Directions for this task:
Each record that follows must be given again without alteration.

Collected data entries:
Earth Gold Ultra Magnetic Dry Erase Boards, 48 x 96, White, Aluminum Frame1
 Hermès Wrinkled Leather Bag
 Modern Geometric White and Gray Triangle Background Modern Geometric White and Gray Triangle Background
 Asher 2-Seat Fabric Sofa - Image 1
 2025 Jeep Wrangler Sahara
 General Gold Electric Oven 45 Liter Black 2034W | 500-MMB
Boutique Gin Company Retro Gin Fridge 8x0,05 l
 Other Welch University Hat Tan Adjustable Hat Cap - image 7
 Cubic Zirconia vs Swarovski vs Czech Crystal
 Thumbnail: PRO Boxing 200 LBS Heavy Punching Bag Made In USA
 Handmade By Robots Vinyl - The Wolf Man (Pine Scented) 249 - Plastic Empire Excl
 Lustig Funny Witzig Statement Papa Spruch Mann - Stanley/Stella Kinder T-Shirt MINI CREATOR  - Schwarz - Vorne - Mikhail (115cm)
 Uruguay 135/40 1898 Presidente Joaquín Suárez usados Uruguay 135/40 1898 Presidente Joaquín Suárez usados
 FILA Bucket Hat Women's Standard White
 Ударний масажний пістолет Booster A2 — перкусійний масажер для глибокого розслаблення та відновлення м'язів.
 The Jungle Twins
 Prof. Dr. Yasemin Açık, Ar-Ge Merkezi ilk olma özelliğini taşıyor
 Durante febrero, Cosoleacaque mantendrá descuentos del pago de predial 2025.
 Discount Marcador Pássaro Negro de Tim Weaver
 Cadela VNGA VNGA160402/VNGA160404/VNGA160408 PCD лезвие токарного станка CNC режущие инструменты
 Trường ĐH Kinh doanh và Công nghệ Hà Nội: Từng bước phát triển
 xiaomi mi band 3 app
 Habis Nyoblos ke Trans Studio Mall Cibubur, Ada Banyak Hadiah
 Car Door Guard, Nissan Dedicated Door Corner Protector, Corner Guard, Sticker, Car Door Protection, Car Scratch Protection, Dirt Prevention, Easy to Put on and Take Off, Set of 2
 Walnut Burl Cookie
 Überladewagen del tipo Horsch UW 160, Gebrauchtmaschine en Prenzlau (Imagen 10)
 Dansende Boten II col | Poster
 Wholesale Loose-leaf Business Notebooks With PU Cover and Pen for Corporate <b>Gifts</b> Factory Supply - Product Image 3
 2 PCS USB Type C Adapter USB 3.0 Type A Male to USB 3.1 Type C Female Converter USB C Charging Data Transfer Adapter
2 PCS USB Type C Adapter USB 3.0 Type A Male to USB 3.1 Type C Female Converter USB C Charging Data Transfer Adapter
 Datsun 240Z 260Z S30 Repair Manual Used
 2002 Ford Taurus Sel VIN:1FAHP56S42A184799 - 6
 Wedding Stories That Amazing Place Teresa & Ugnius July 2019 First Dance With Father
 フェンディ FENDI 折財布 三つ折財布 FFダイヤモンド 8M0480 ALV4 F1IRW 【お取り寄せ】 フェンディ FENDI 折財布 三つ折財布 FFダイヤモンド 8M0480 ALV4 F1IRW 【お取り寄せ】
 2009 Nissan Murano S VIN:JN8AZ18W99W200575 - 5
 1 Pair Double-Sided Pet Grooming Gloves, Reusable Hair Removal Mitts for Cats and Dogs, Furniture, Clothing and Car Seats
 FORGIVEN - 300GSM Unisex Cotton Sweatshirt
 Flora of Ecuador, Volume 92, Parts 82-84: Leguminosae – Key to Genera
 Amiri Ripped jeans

Written response:
Earth Gold Ultra Magnetic Dry Erase Boards, 48 x 96, White, Aluminum Frame1
 Hermès Wrinkled Leather Bag
 Modern Geometric White and Gray Triangle Background Modern Geometric White and Gray Triangle Background
 Asher 2-Seat Fabric Sofa - Image 1
 2025 Jeep Wrangler Sahara
 General Gold Electric Oven 45 Liter Black 2034W | 500-MMB
Boutique Gin Company Retro Gin Fridge 8x0,05 l
 Other Welch University Hat Tan Adjustable Hat Cap - image 7
 Cubic Zirconia vs Swarovski vs Czech Crystal
 Thumbnail: PRO Boxing 200 LBS Heavy Punching Bag Made In USA
 Handmade By Robots Vinyl - The Wolf Man (Pine Scented) 249 - Plastic Empire Excl
 Lustig Funny Witzig Statement Papa Spruch Mann - Stanley/Stella Kinder T-Shirt MINI CREATOR  - Schwarz - Vorne - Mikhail (115cm)
 Uruguay 135/40 1898 Presidente Joaquín Suárez usados Uruguay 135/40 1898 Presidente Joaquín Suárez usados
 FILA Bucket Hat Women's Standard White
 Ударний масажний пістолет Booster A2 — перкусійний масажер для глибокого розслаблення та відновлення м'язів.
 The Jungle Twins
 Prof. Dr. Yasemin Açık, Ar-Ge Merkezi ilk olma özelliğini taşıyor
 Durante febrero, Cosoleacaque mantendrá descuentos del pago de predial 2025.
 Discount Marcador Pássaro Negro de Tim Weaver
 Cadela VNGA VNGA160402/VNGA160404/VNGA160408 PCD лезвие токарного станка CNC режущие инструменты
 Trường ĐH Kinh doanh và Công nghệ Hà Nội: Từng bước phát triển
 xiaomi mi band 3 app
 Habis Nyoblos ke Trans Studio Mall Cibubur, Ada Banyak Hadiah
 Car Door Guard, Nissan Dedicated Door Corner Protector, Corner Guard, Sticker, Car Door Protection, Car Scratch Protection, Dirt Prevention, Easy to Put on and Take Off, Set of 2
 Walnut Burl Cookie
 Überladewagen del tipo Horsch UW 160, Gebrauchtmaschine en Prenzlau (Imagen 10)
 Dansende Boten II col | Poster
 Wholesale Loose-leaf Business Notebooks With PU Cover and Pen for Corporate <b>Gifts</b> Factory Supply - Product Image 3
 2 PCS USB Type C Adapter USB 3.0 Type A Male to USB 3.1 Type C Female Converter USB C Charging Data Transfer Adapter
2 PCS USB Type C Adapter USB 3.0 Type A Male to USB 3.1 Type C Female Converter USB C Charging Data Transfer Adapter
 Datsun 240Z 260Z S30 Repair Manual Used
 2002 Ford Taurus Sel VIN:1FAHP56S42A184799 - 6
 Wedding Stories That Amazing Place Teresa & Ugnius July 2019 First Dance With Father
 フェンディ FENDI 折財布 三つ折財布 FFダイヤモンド 8M0480 ALV4 F1IRW 【お取り寄せ】 フェンディ FENDI 折財布 三つ折財布 FFダイヤモンド 8M0480 ALV4 F1IRW 【お取り寄せ】
 2009 Nissan Murano S VIN:JN8AZ18W99W200575 - 5
 1 Pair Double-Sided Pet Grooming Gloves, Reusable Hair Removal Mitts for Cats and Dogs, Furniture, Clothing and Car Seats
 FORGIVEN - 300GSM Unisex Cotton Sweatshirt
 Flora of Ecuador, Volume 92, Parts 82-84: Leguminosae – Key to Genera
 Amiri Ripped jeans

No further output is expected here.